Ich bin echt enttäuscht vom neuesten Album, ALLE anderen sind fantastisch geworden aber das neue ist was für absolute softis und bricht den Sound der anderen Alben doch sehr stak !


----------



## Bond2602 (8. Oktober 2010)

Meine persönliche Meinung zum Album ist: Jede Band kann machen was sie möchte und diesmal haben LP was gewagt. Mir gefällts überhaupt nicht, aber viele Bands die ich mag haben auch völlige "schrottalben" dabei, zumindest in meinen Augen. Nicht jedes Album kann einem Gefallen  ... von daher ... hoffe ich, dass mir das nächste wieder gefällt . Aber beleidigen würd ich LP desswegen jetzt nicht ^^


----------



## troppa (25. Februar 2011)

püschi schrieb:


> Also ich kann mit dem neuen Album auch nichts anfangen. Ist einfach für die Masse gemacht worden.

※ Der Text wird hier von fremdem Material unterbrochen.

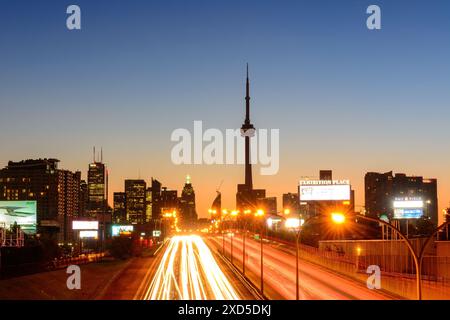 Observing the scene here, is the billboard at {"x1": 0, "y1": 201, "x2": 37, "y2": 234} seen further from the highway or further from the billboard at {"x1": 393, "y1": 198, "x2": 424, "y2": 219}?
the billboard at {"x1": 393, "y1": 198, "x2": 424, "y2": 219}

Eben nicht. Wäre es für die Masse gemacht, würde es wohl nicht so stark polarisieren. Ich denke, man hätte sich bei einem Konzeptalbum auch ein etwas einfacheres und "verdaubareres" Thema als den 3ten Weltkrieg und die (beinahe) Vernichtung der Welt ausgesucht.


----------



## Eisscratch (25. Februar 2011)

EnsisMiliteS schrieb:


> Das Album ist doch extrem anders als die anderen, mir gefällt es überhaupt nicht.
> Es war das Geld nicht wert was ich bezahlt habe....
> Wenn ein anderer Name auf dem Album gestanden hätte würde es niemand kaufen wollen.
> Ich bin echt enttäuscht vom neuesten Album, ALLE anderen sind fantastisch geworden aber das neue ist was für absolute softis und bricht den Sound der anderen Alben doch sehr stak !


 
Da bin ich absolut deiner meinung.
Ich möchte mal wissen, was die sich dabei gedacht haben. Klar, der "neue" sound ist jetzt viel mehr mainstream, aber schöner ist er deswegen noch lange nicht.


----------



## ile (25. Februar 2011)

Ich fand zuerst SEHR enttäuschend, finde es mittlerweile aber wirklich richtig gut. Mit Überfliegern wie Meteora oder Hybrid Theory (oder MinToMi.) kann es aber definitiv nicht mithalten


----------



## Painkiller (25. Februar 2011)

ile schrieb:


> Ich fand zuerst SEHR enttäuschend, finde es mittlerweile aber wirklich richtig gut. Mit Überfliegern wie Meteora oder Hybrid Theory (oder MinToMi.) kann es aber definitiv nicht mithalten


 
Da hast du völlig Recht. Am Anfang war es iwie ernüchternd. Aber ich finde es jetzt auch richtig gut. Viele beurteilen das Album nach einzelnen Tracks. Aber das ist Falsch. Ein Album ist nicht nur eine Sammlung von Tracks. Das Gesamtbild zählt da. Und nach einer Weile muss ich sagen, das bei dem Album das Gesamtbild ok ist. Immerhin war es ja nur mal ein Experiment der Jungs. 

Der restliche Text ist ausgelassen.